In process- It is by grace you have been saved
Glen Doss, Major
“For this son of mine was dead and is alive again; he was lost and is found.” So they began to celebrate (Luke 15:24 NIV).
“Everything was dark when my eyes popped open. I shook my head to clear it. I lay flat on my back among garbage cans alongside a brick building. Staring directly into a hazy sky above, aware of a horrible stench, I suddenly grasped what had happened: I had done it once again—overdosed. How many times had it been now? Four? My stomach heaved; I turned over on my belly and vomited. …Then a feeling of urgency came over me—I needed a fix and I needed it fast.”
Walking with my friend Conrad Watson through the twists and turns that comprised his life, I experienced a rollercoaster ride of deep despair contrasted with great delight. Conducting interviews for his memoir, I alternately cried and rejoiced. I kept asking myself: How can a person survive all this? But then I remembered: I hear stories like this over and over at The Salvation Army—there are so many trophies of grace.
As I vicariously lived Watson’s life—an abusive childhood followed by 25 years of hustling for alcohol and drugs on the streets of San Francisco and Los Angeles, and then 23 years of service to The Salvation Army—I knew I was witnessing an amazing demonstration of the resurrection power of God. I was reminded: Because of the Lord’s great love we are not consumed; and God, who is rich in mercy, made us alive with Christ even when we were dead in transgressions—it is by grace you have been saved (Lam. 3:22; Eph. 2:4-5). What an Easter story his life has been!
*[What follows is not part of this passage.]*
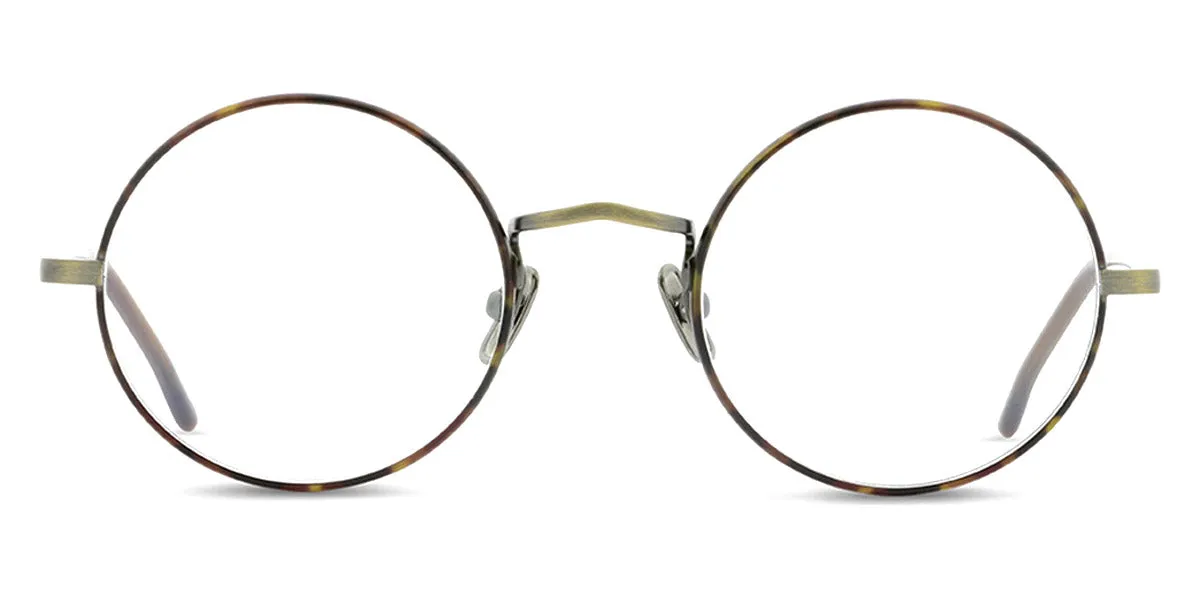 Lunor® M10 02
(The excerpts below were taken from the book On the Nickel: Doc Watson, available through Amazon.com and Barnesandnoble.com.)
A life redeemed
Rescued from the sick, sordid world of Los Angeles’s skid row, called the Nickel:
“I lived in two worlds: one in which I empathized with others and, at a subliminal level, hungered deeply for God, a world that lay just beneath the surface of my façade and manifested itself in genuine humility. My other world was the one of which my five senses fed me information: the streets, the drugs, and the dog-eat-dog lifestyle of the Nickel. I knew I was really a small dog in a big dog world because I wasn’t as ruthless as most. Yet I had certainly learned to do underhanded stuff—I knew how to survive.”
Then came the day:
“Returning from the run, I shuffled painfully down the hall, some clarity returning to my thinking. Glancing down at myself, I noticed for the first time in days that my clothes were filthy and I hadn’t bathed since I couldn’t remember when. …Stopping at the door of my fleabag hotel room, I slowly turned the key, stepped inside, and dropped down on the cot. Lying on my back, I stared at the ceiling.
“‘Some people can get clean and sober, but I can’t. I’m doomed. At 42 years of age I’m going to die. I know I’m going to die living like this.’ …I closed my eyes, and my face muscles relaxed a little as I slowly fell asleep….
“‘Gimme all your money or I’ll kill you!’ I was aware of a knife blade at my throat and the heavy force of a hand upon the back of my neck. ‘I said, give me all your money or I’ll kill you!’ In the dim light, I spied the stocking over the man’s face and knew he meant business.
“‘Man, all I got is a dollar and some change in that drawer there,’ I said, nodding as best I could toward a bedside table. Still holding the knife at my throat, the man used his other hand to pull out the drawer and grab up the money.
“He demanded, ‘Where’s the rest? I mean it! I’ll kill you, sure as I breathe.’
“‘Man, you don’t want to do that. I don’t have no more. Think: Would I lie with a knife at my throat? Look around. I ain’t got nothing. I’m a poor bum just trying to survive. I ain’t got the rent for this place. I’m gonna be on the streets come morning. That’s how broke I am. I ain’t got nothing!’
“With an epithet the man snorted. ‘I’m coming back. And if you don’t have more money, you’re a dead man!’ With that he stormed out….
“For the first time since I was a small child, I suddenly found myself on my knees. In a way only the dying can do, with tears running down my face—I poured out my heart to God.
“‘God, please help me out of this trap I’m caught in: the heroin, the alcohol, the violent lifestyle—stealing, hustling. Is there no hope for me at all? Or am I doomed to die in this vicious lifestyle? Please help me. Tell me what to do.’
“A quiet reassuring voice sounded within my heart: Go back to The Salvation Army Harbor Light, to that safe place. It’s not too late—to live right, to learn to live clean and sober, to get right with God. And I trembled at the voice of hope.”